■ **EXERCISE DATA**:
>>>

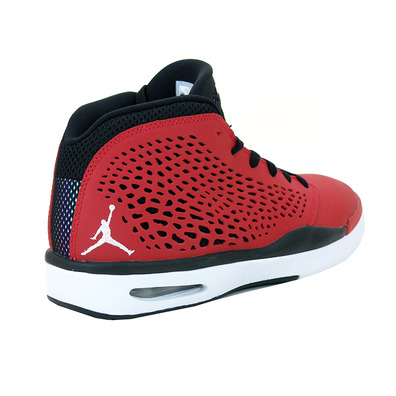 Jordan Flight 2015 "Gym Red" (601/red/white/black)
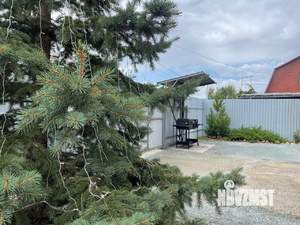 Дом 146м², 1-этажный, участок 6 сот.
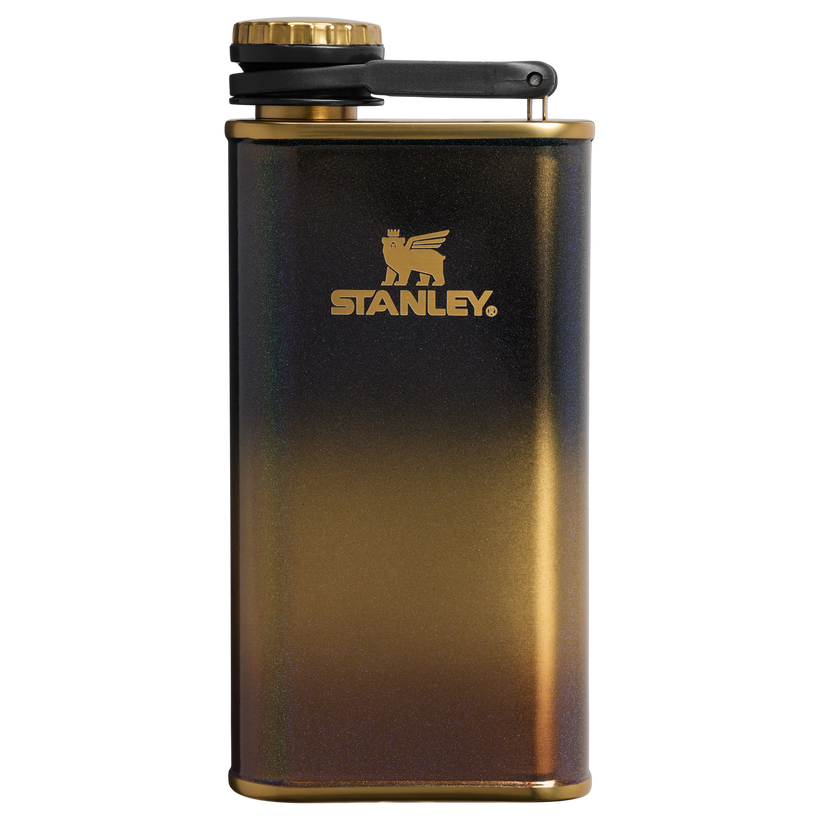 The Easy Fill Flask - Clean Style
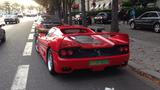 Ferrari F50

<<<

■ **DESCRIPTION OF THE TASK**: In your transcription of the listing above, match each line exactly and include no pictures.

■ **ANSWER FOR THIS EXERCISE**:
 Jordan Flight 2015 "Gym Red" (601/red/white/black)
 Дом 146м², 1-этажный, участок 6 сот.
 The Easy Fill Flask - Clean Style
 Ferrari F50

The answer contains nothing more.